[Scraped caption text data]
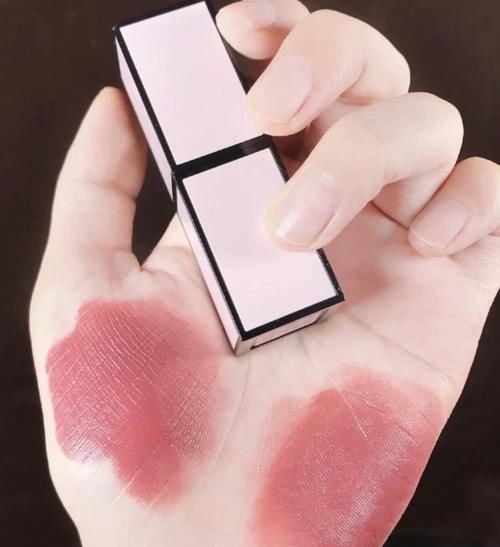 颜色|女生买口红别冲动,这几只热门新色不要买,黄皮显黑还不好搭配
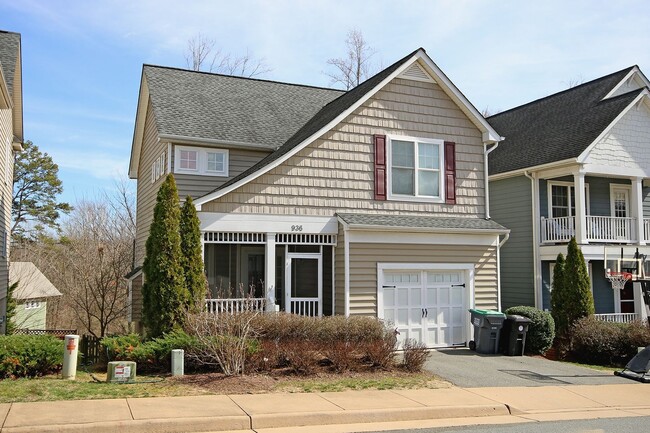 Building Photo - Dog-Friendly Brookwood Home Near UVA & Downtown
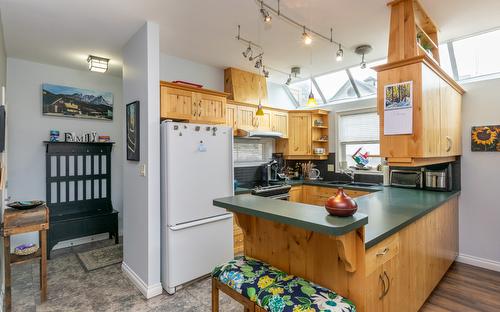 5-441 20 Street, Salmon Arm, BC - Indoor Photo Showing Kitchen With Double Sink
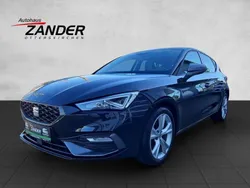 Mitternachtsschwarz Gebraucht 2021 Seat Leon FR Limousine | 21.900 € (Fairer Preis)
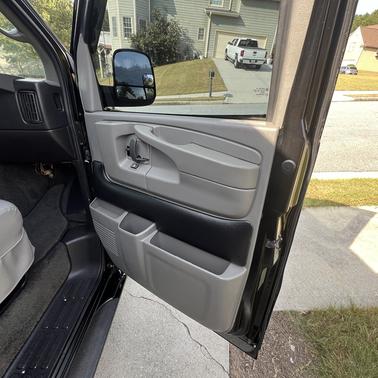 Black 2015 GMC Savana 2500 Upfitter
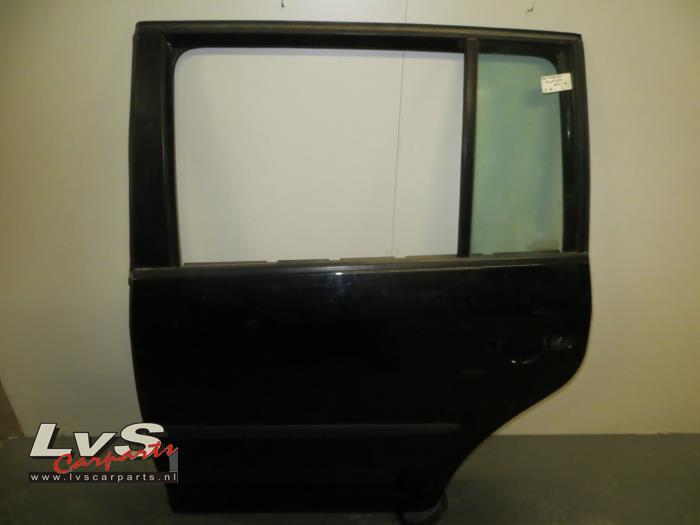 Volkswagen Touran Rear door 4-door, left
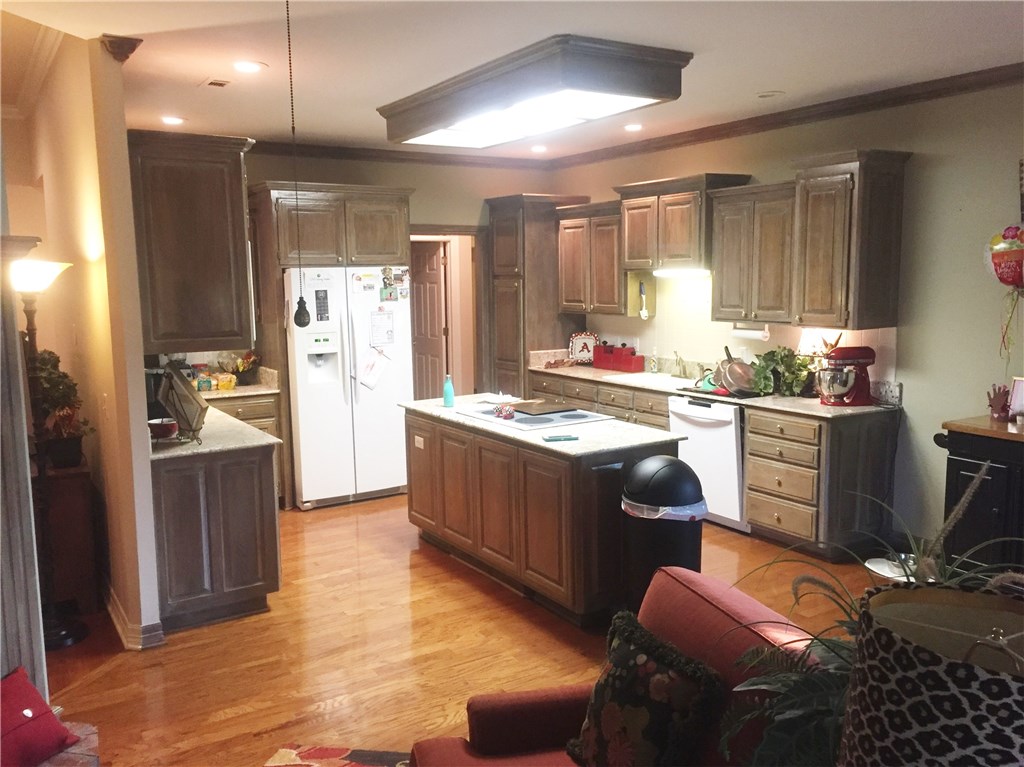 Lovely 4 bedroom, 2.5 bath home just off Stulz Rd in Springdale. Great location! Minutes from I-49, Wagon Wheel Café, shopping & schools. Great kitchen! Lots of cabinets, granite counter tops, all appliances. Cozy living room with gas fireplace overlooking quaint privacy fenced back yard. Large master bedroom, large bath. Dining room. 2-car garage. Call today to preview.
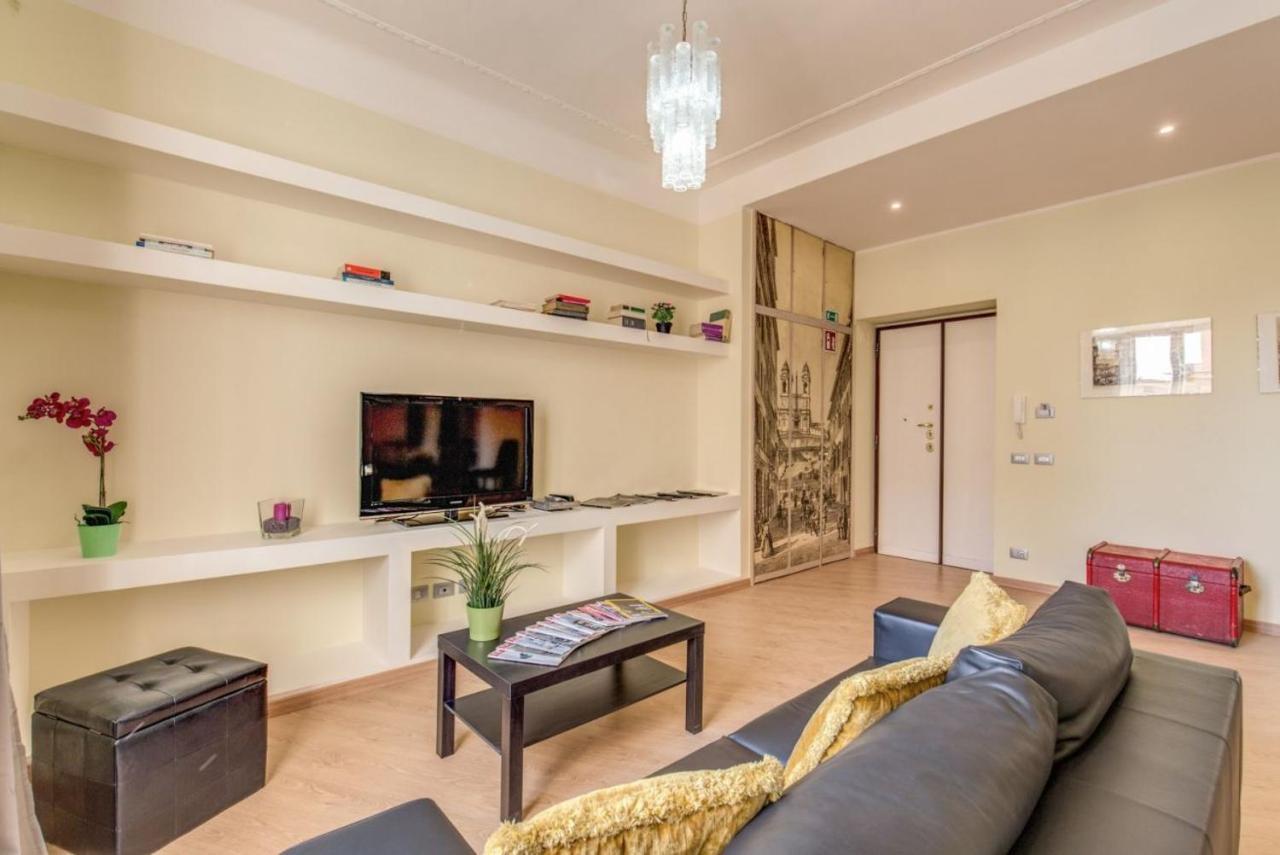 Lovely 4-Bedroom Apartment 30M Sangiovanni Metro Rome Bagian luar foto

# [INSTRUCTIONS FOR THE TASK]
Could you set down every record above exactly as written, leaving out the pictures?

# [WRITTEN SOLUTION]
 颜色|女生买口红别冲动,这几只热门新色不要买,黄皮显黑还不好搭配
 Building Photo - Dog-Friendly Brookwood Home Near UVA & Downtown
 5-441 20 Street, Salmon Arm, BC - Indoor Photo Showing Kitchen With Double Sink
 Mitternachtsschwarz Gebraucht 2021 Seat Leon FR Limousine | 21.900 € (Fairer Preis)
 Black 2015 GMC Savana 2500 Upfitter
 Volkswagen Touran Rear door 4-door, left
 Lovely 4 bedroom, 2.5 bath home just off Stulz Rd in Springdale. Great location! Minutes from I-49, Wagon Wheel Café, shopping & schools. Great kitchen! Lots of cabinets, granite counter tops, all appliances. Cozy living room with gas fireplace overlooking quaint privacy fenced back yard. Large master bedroom, large bath. Dining room. 2-car garage. Call today to preview.
 Lovely 4-Bedroom Apartment 30M Sangiovanni Metro Rome Bagian luar foto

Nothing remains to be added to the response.